Winner of an HP Workstation

Small-Area Thin-Film Heat Flux Sensor

Mahmoud Assaad
The Goodyear Tire & Rubber Co.
Akron, OH
Small-Area Thin-Film Heat Flux Sensor

This sensor is being used in tires of all types and sizes, and has also been applied to engineering products such as hoses, belts, and conveyor belts. The product can be used in components for process control, modeling validation, determination of cooling requirements, and general calorimetry in rocketry, aerospace, and automotive environments. The sensor allows transient, bidirectional heat flux measurements on curved and flexing surfaces over areas that are smaller than those allowed by other sensors. This makes it perfect for measuring the convective heat transfer coefficient on various parts of a rolling tire.

Since temperature is one of the primary damage indicators of a tire under service conditions, accurate prediction of the temperature in a tire is vital. The sensor provides the engineers, designers, and material scientists with a means of verifying that the temperature will not reach a level where rubber reversion can occur. This state can only be predicted with accurate heat transfer analysis of the tire. With this information, tire designers and material scientists will be better able to design a tire structure that will not have critical zones of high temperature anywhere within the tire cross-section.

This new sensor design consists of a Wheatstone resistor bridge fabricated onto a 1/4-mm (0.010") thick polyester film, with half the bridge on each side of the film. The temperature sensitive element is sputter-deposited platinum, patterned and applied using a photolithography technique, with line width and line spacing approximately 60 microns. With no heat flux applied to the sensor, all of the resistor bridge elements are at the same ambient temperature, and have the same initial resistance. With the application of heat flux, the resistance of the two elements of the bridge on the hot side of the polyester film changes due to platinum’s temperature coefficient of resistance.

The resistor elements of the bridge on the cold side of the polyester film also change resistance, but by a lesser amount. The change of the resistances unbalances the bridge, and a precise measure of the heat flux can be determined from the output based on the fractional change of the resistances and the excitation voltage. With the application of “negative” heat flux (that is, a reversed heat flow), the output of the bridge will change sign. Thus, the sensor determines the direction of heat flux as well as its magnitude.

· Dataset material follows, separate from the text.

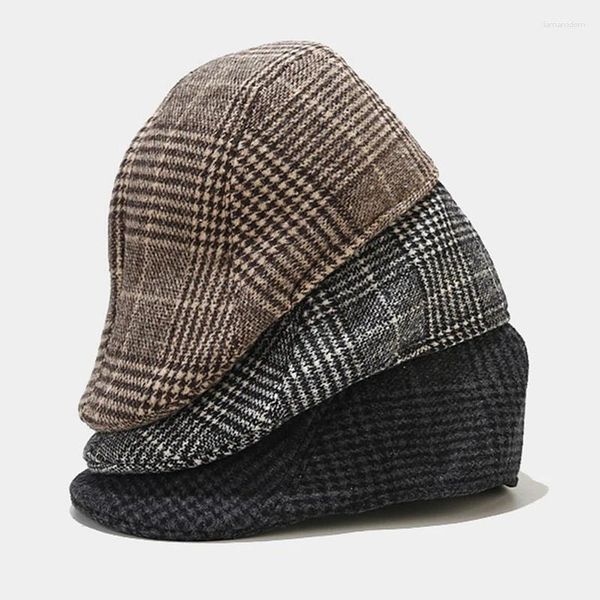 Boinas 2024 Otoño Invierno Hombres Boina de lana British Vintage Flat Top Peaked Cap Mujeres Warm Plaid Pintor Hat Forward Sboy
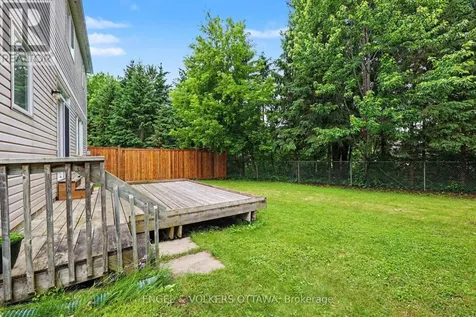 11 Glenrose Court Ottawa ON K2J 4T4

For more information, contact the inventor at This email address is being protected from spambots. You need JavaScript enabled to view it..

Honorable Mentions

Automated 3-Axis Instant Printed Circuit Board Prototyping Machine

Ryan Anderson
Sandia National Laboratories
Albuquerque, NM
Automated 3-Axis Instant Printed Circuit Board Prototyping Machine

Today, printed circuit board (PCB) production involves cutting the board, printing the masking pattern, etching, rinsing, applying flux, drilling holes, and soldering components onto the board. This new method for creating a PCB involves cutting the board, drawing traces, drilling holes, and soldering the components. This machine has three axes of motion, each controlled by a small stepper motor. The three axes move a plate located on the front of the machine. Attached to this plate is a magnetic tool changer that allows the user to change between a silver-loaded pen and a drill. When the user is ready to create a PCB, a blank piece of C10 board is secured in the slot on the steel base of the machine, the silver loaded pen is attached to the tool changer, and the CNC is used to run the automated tool path.

LumenFlow 360-Degree View Imaging System

Harold Brunt
LumenFlow Corp.
Middleville, MI

LumenFlow 360-Degree View Imaging System
This imaging system is a photonic device capable of illuminating the interior surface of any near-cylindrical object and then focusing the reflected light on the detector of a CCD camera (or any device configured to accept an image from a camera lens). The configurable system has the ability to resolve features as small as 20 microns along the interior of a cylindrical object within a range of diameters. Vertical walls, under-cut diameters, deep bores, or gaps beneath inserted components can be viewed and inspected. The system is inserted within the cylindrical surface, the image is captured, and areas of interest are identified and then analyzed. The device can be used in machine vision applications where automating bore inspection is not currently taking place.